[Source records]
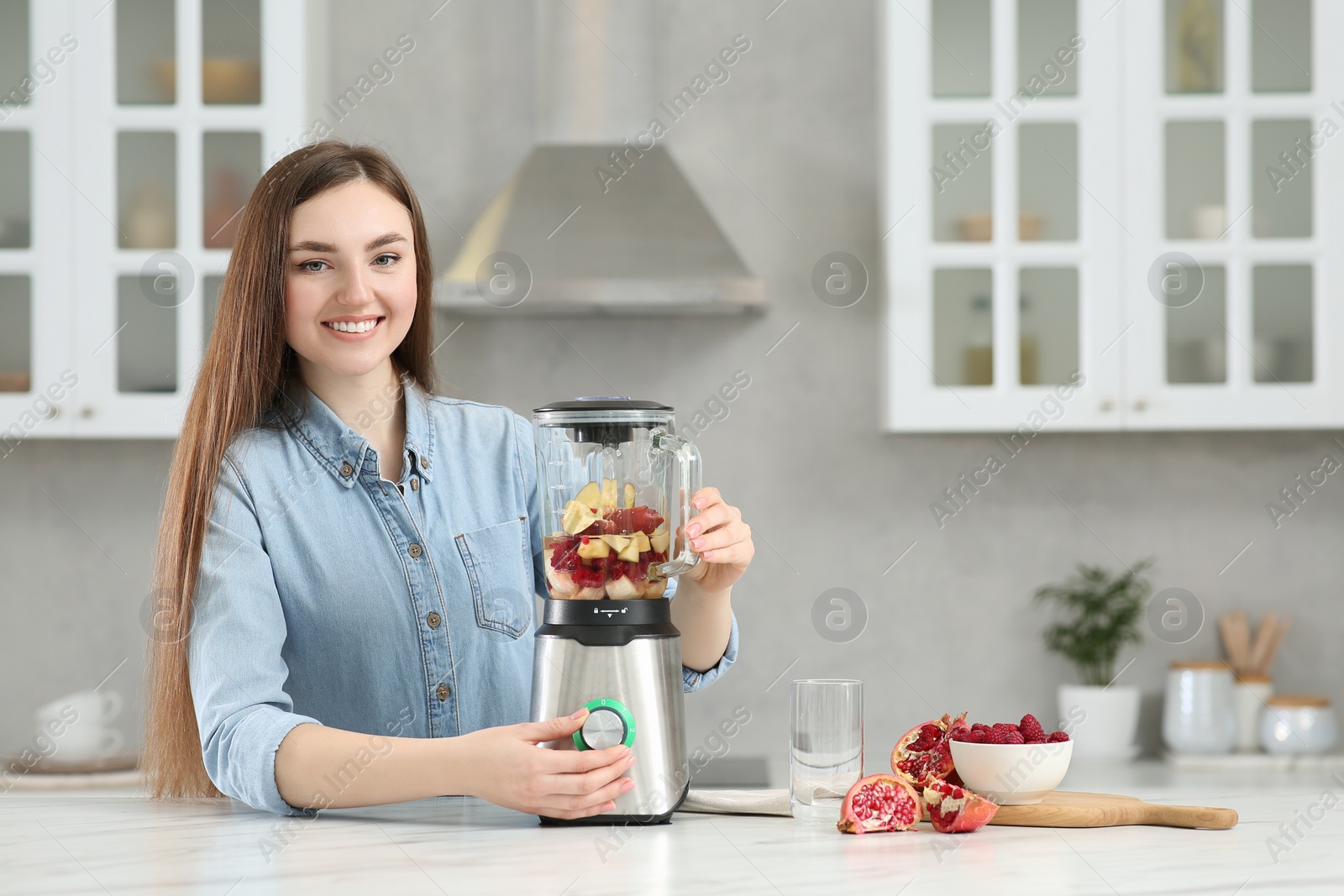 Photo of Beautiful young woman preparing tasty smoothie at white table in kitchen. Space for text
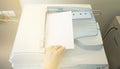 Man copying paper from Photocopier sunlight from window Royalty Free Stock Photo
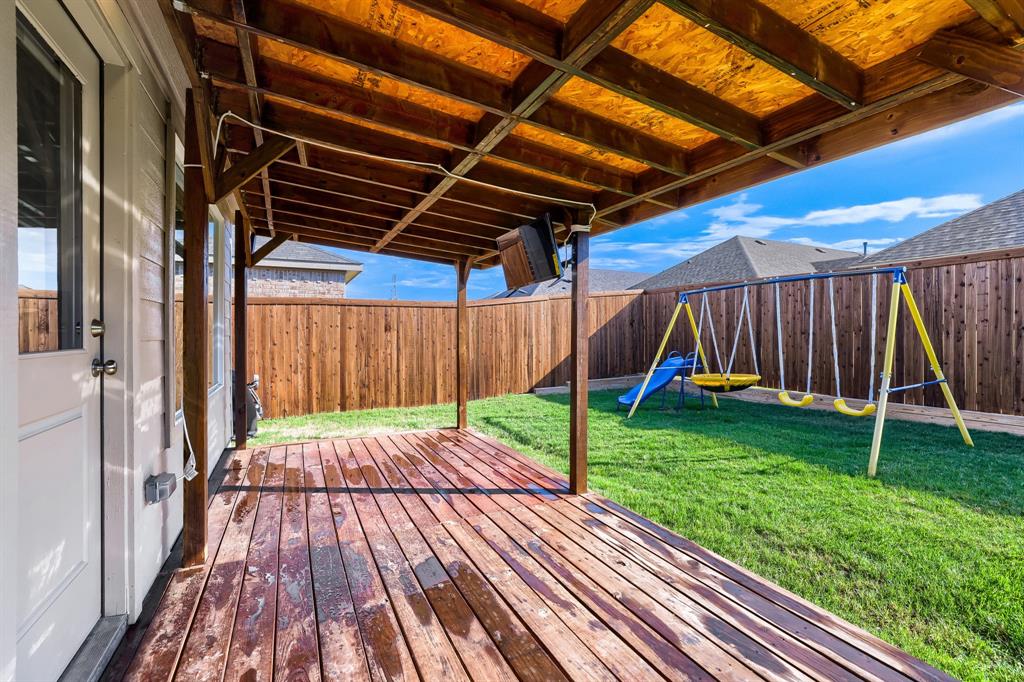 1619 Grassy Pond Road Forney, TX 75126 - Photo 27 of 28 Covered wood deck with exposed wood rafters, overlooking a fenced yard with a manicured lawn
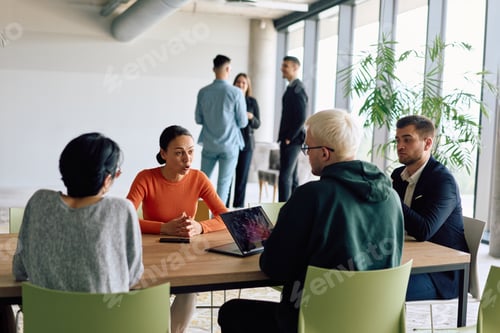 Preview: A diverse team of business professionals engaged in a discussion around a conference table in an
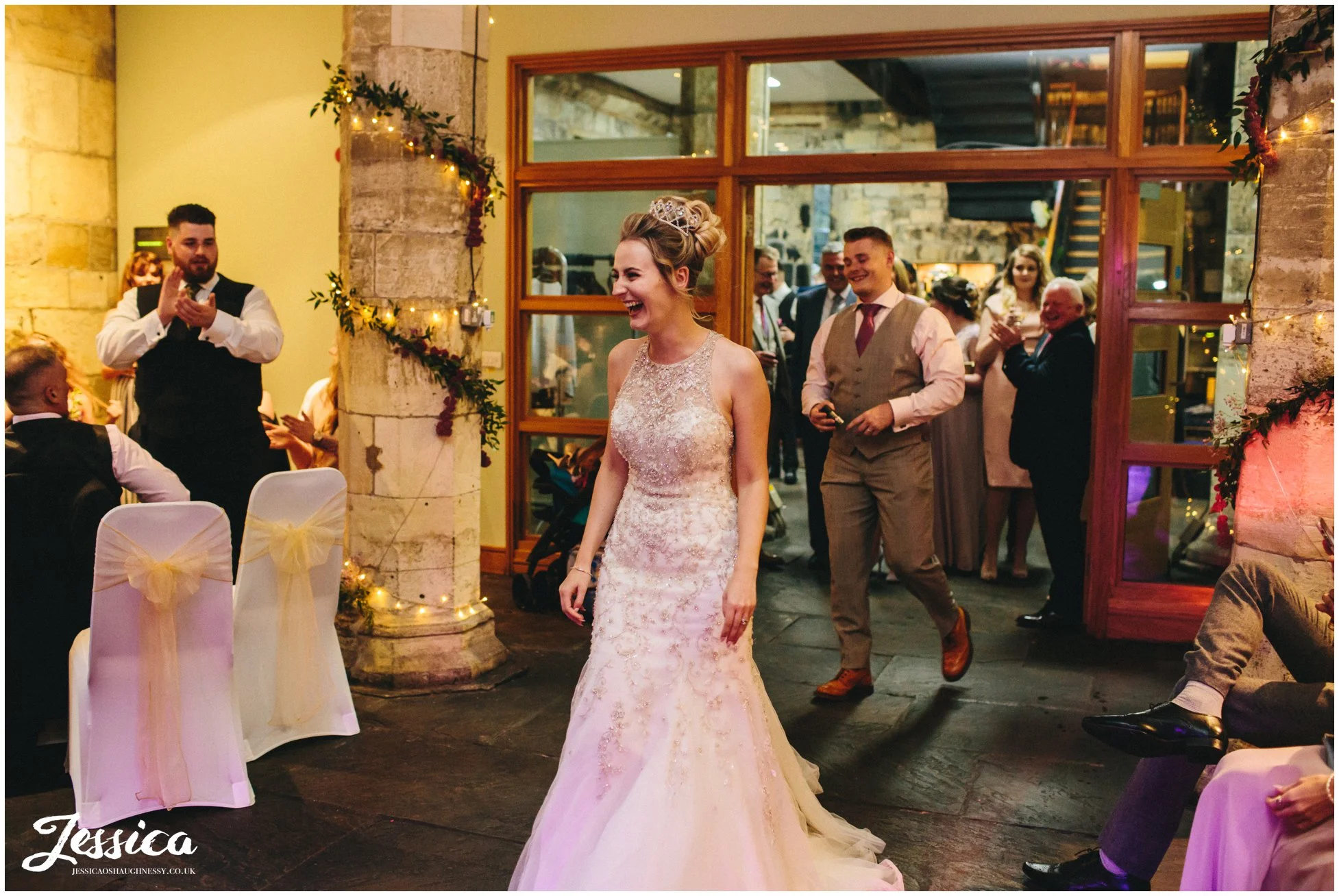 bride enters the room ready for her first dance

**What is required:** The lines from the one holding "Preview: A diverse" through the end of the entries are to be transcribed exactly, both ends included, with the pictures left out.

**Answer section:**
 Preview: A diverse team of business professionals engaged in a discussion around a conference table in an
 bride enters the room ready for her first dance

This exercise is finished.